» **PROBLEM REQUIREMENTS**
Your output should be exactly the lines from the one containing "Barre grany aux" through the final line of the following data, please, with no pictures.

» **GIVEN MATERIAL**
*** Begin section ***

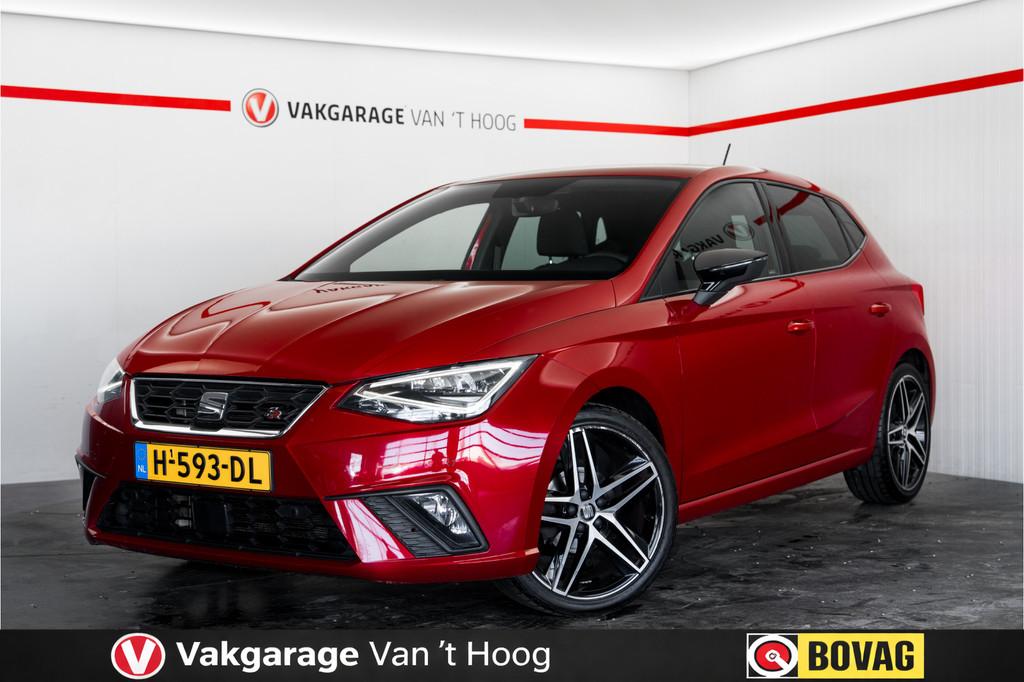 SEAT Ibiza 1.0 TSI FR Business Intense (bj 2020), Auto's, Seat, Voorwielaandrijving, Stof, Ibiza, Origineel Nederlands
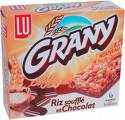 Barre grany aux 3 crales riz souffl et chocolat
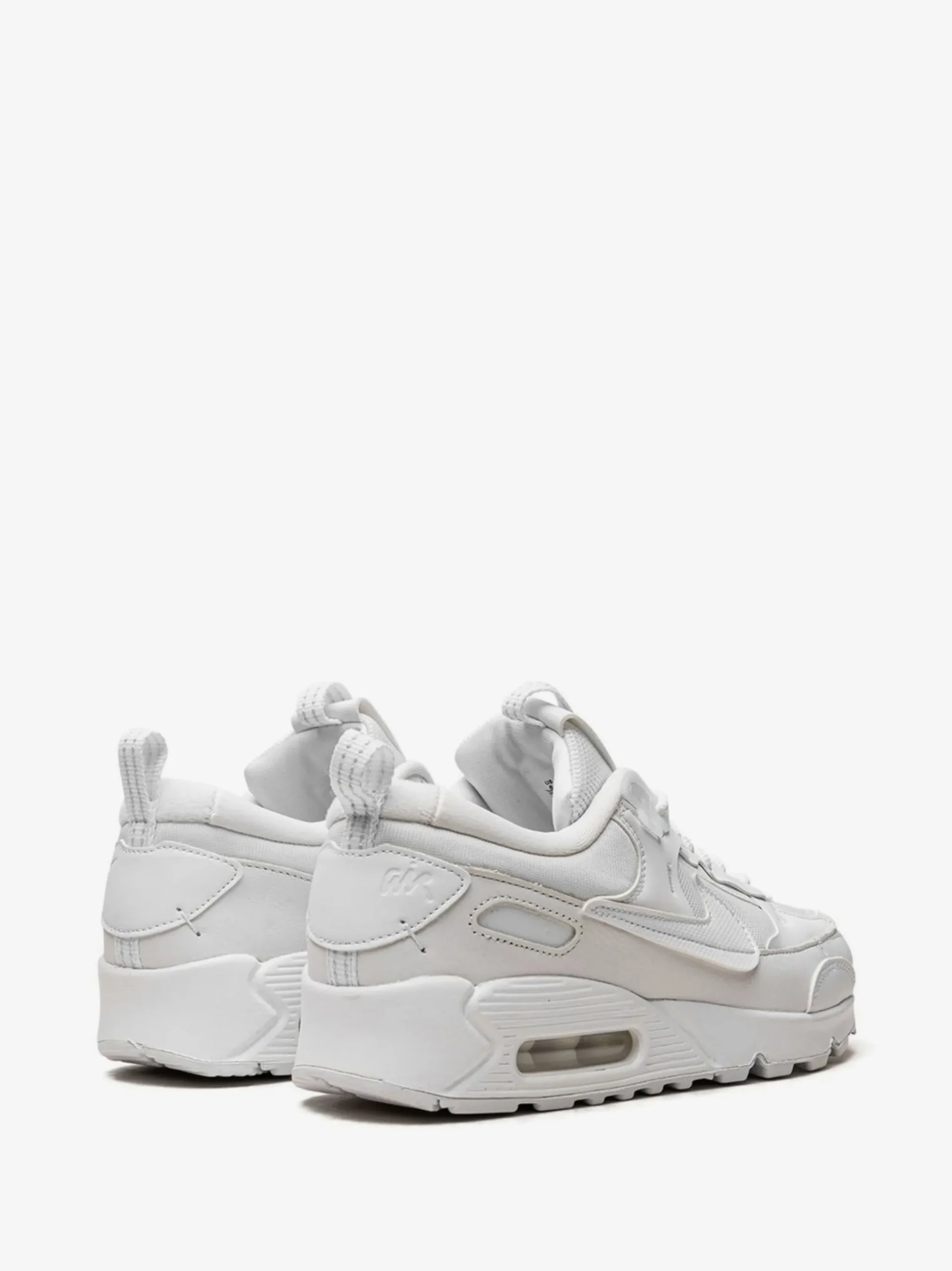 Nike Air Max 90 Futura Triple White - Image 4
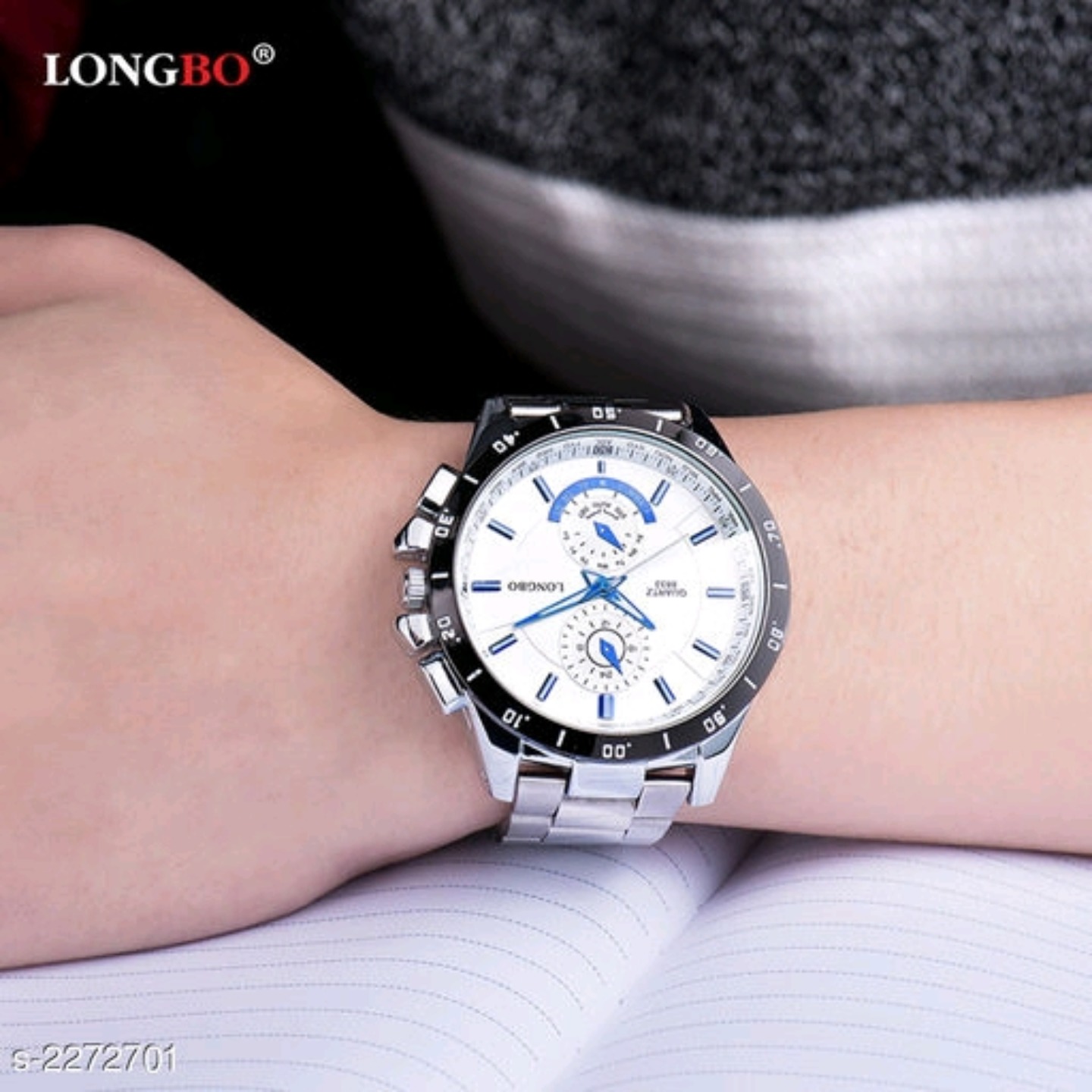 Stylish Stainless Steel Watches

*** End section ***

» **REPLY**
 Barre grany aux 3 crales riz souffl et chocolat
 Nike Air Max 90 Futura Triple White - Image 4
 Stylish Stainless Steel Watches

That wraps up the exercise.